Now, a year or two later, those horrific scenes flooded back to me in terrifying flashes and sent me racing to a therapist. The PTSD treatment was so intense, quick, and effective, that I failed to take the extra time needed to face up to my ongoing battle with depression, that horror that Winston Churchill called his “Black Dog.”

I was on emotional overload and physically exhausted. I was depressed—God knows I can recognize the symptoms—but I just pushed it away. It was all too complicated to worry about just then. Just get me through the immediate PTSD therapy, and life will be better. I didn't have enough emotional reserve to worry about something far bigger and much deeper. And I didn't want to lose my focus on Jan.

I knew ignoring the depression was unwise. Or a better word might be stupid. I could see what was happening to me, where I was headed, and I knew it wasn't good. In truth, I coped by not thinking about the future. Every day was a victory if I just kept moving my feet, kept coming home and cheerfully yelling “Honey, I'm home!” and making Jan laugh with the martini joke.
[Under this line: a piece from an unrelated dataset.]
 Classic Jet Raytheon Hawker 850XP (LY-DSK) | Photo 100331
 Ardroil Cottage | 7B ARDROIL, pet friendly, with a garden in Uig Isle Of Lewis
But the stress of caregiving is well documented, and the long-term effects range from dangerous to fatal. I was now in a legion of stressed out people where one in ten caregivers say their own health is worse because of what they must do, or force themselves to do. Consider just these two sobering research notes from studies quoted by the Family Caregiver Association (
www.caregiver.org
)

•    Higher levels of clinical depression are attributed to people caring for individuals with dementia (such as Alzheimer's). Studies show that 30% to 40% of dementia caregivers suffer from depression and emotional stress.

•    In 2005, three-fifths of caregivers reported fair or poor health status, one or more chronic conditions, or a disability, compared with one-third of non-caregivers. Caregivers also reported chronic conditions including heart attack/heart disease, cancer, diabetes and arthritis at nearly twice the rate of non-caregivers (45% vs. 24%).